Working 10-12 hrs a day, everyday can feel almost like a life sentence. It takes
its toll on every aspect of your life. Family time and events that cannot be
attended because you have to work. Training takes an absolute beating, even
after you are on the ground, it keeps kicking. But do we stop fighting or
carrying on? No. As long as your heart and your intentions to better yourself
and the well being of your family and beliefs never lose their potency, the
fighting never stops. I have been in a very difficult position lately regarding
my family and my training. I am on the ground and literally taking the better
end of a good life beating. Knowing that I'm missing classes, looking into my
daughters eyes when she's asking me," when are we going swimming again?" My
wife saying to me she only sees me for an hour or two a day and am I working
next weekend. Knowing the longer I am away from the kwoon the more I am going to
have to catch up.
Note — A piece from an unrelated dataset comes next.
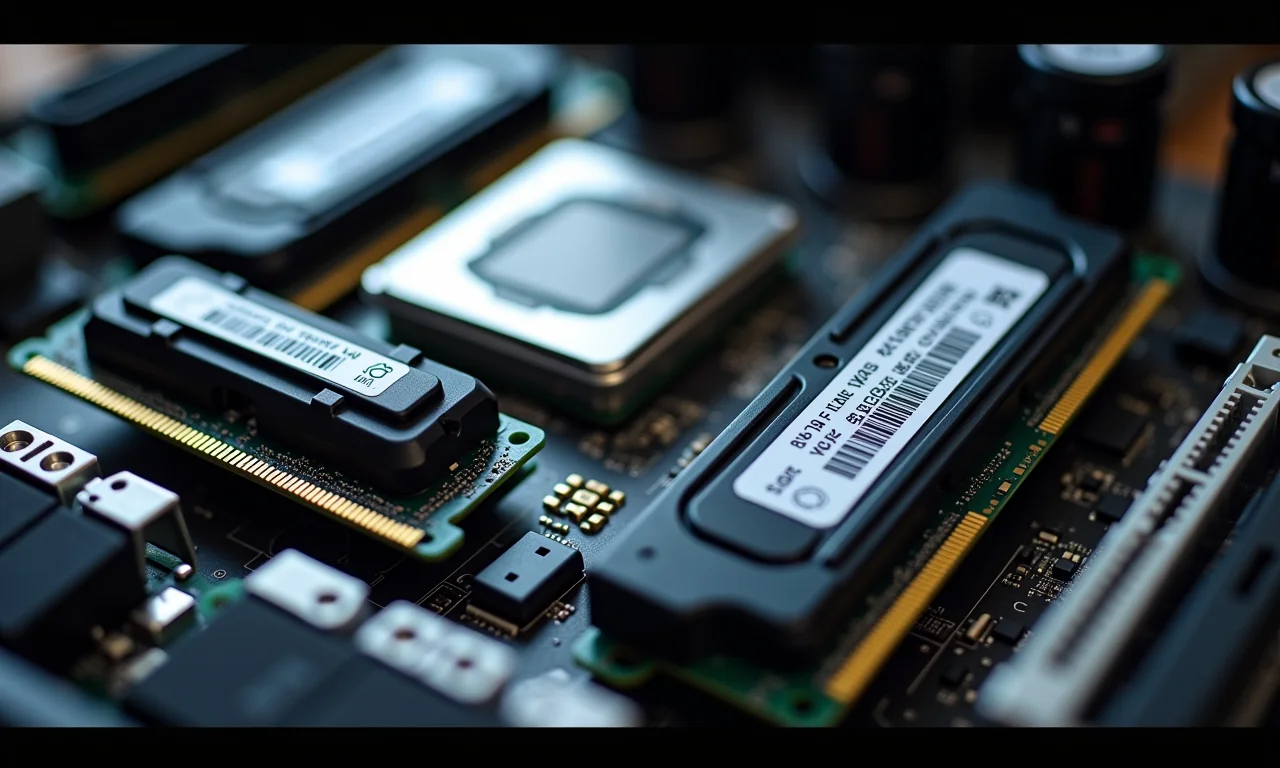 Módulos de memória RAM dispostos próximos a um processador.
The I Ho Chuan team practicing demos and now I am one of those
guys not there and I can see that pause that occurs when its someones cue and
they're not there. Its almost comparable to a hollow because that individuals
energy is not present on the team and everyone just stares, its not complete.
Wondering if this is what its going to be like the higher you go up your career
ladder and is it really worth it. Dealing with bean counters and their complete
lack of reality outside of their handy stats and production curves sent down
from the "think tank team" that have their heads completely pounded up their
butts. Handling 4 crews and 25 personnel and a job thats all on you. Not being
able to get in much attention to my requirements or training, and as far as
journaling goes. Well, I have really dropped the ball on this one. I didn't just
drop it, I shot it with a grenade launcher. So what do you do? If you read my
last blog, you already know. Stop and reset. How can I apply kung Fu here? What
part of my training tools can I execute, knowing full well this is all part of
my journey and acceptance is the easy part. It is what it is, and I chose this
path. How about the obvious? Recognize that this is the process of mastery and
one of the challenges I must get through to advance to the next level.
It
would be so much easier to go back on the tools and just roll with everything I
know and pull my days off like a cake walk. Thats not advancing towards mastery.
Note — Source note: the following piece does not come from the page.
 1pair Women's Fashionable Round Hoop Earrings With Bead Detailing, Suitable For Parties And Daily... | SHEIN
Staying where I am and working hard to perfect the level I am at now is the
place to be. Think of it like learning a new form. Alright now I am back up on
one knee. Ignore the idiots and advance past them, prove to myself and the ones
working with me that they can count on me to lead them to a successful project
and teach them how to hone their own skills and embrace their input to better my
own. A solid group of professionals that operate as a finely tuned machine.
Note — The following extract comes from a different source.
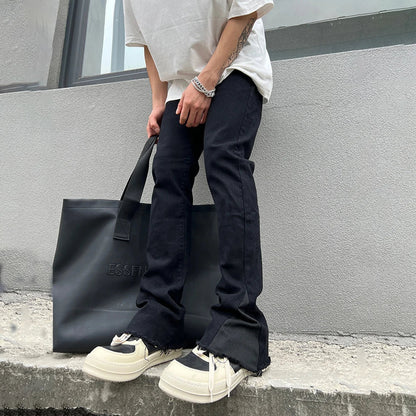 Flared Jeans Men Y2k Skinny Street Fashion Pantalones Streetwear Vaqueros Trousers Autumn Black Slim Summer Casual Denim Pants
Regaining my composure and now standing. Expressing to the I Ho Chuan team that
I am sorry I am not there but I am practicing my hand and weapon forms as much
as I can. So the next time they see me its like I haven't skipped a beat.
Standing upright now and shaking my arms out. Assuring my daughter and
explaining to her that I have a long christmas break coming and I am working to
better myself and my family and we'll have tons of fun for 10 days straight.
Hanging with my wife and catching up on some we time, that I'm sure will involve
presents. Keep practicing as much as I am able and keep my heart in my training.
Knowing I can catch up and enjoying the journey. The Kwoon and Kung Fu aren't
going anywhere. Knowing kung fu is not something I do to kill time, but its now
growing into my life style and what I have installed so far is solid and will
get me through. Leaving shattered mediochracy behind and advancing closer to
mastery. Now I am brushing the dust off I and am standing in a solid stance.
Now, if you'll excuse me, I have to go kick an elephants ass.
Love your blogs because I can very much relate. Choices made from the heart are the solid ones and (sometimes with time) they will punt an elephant.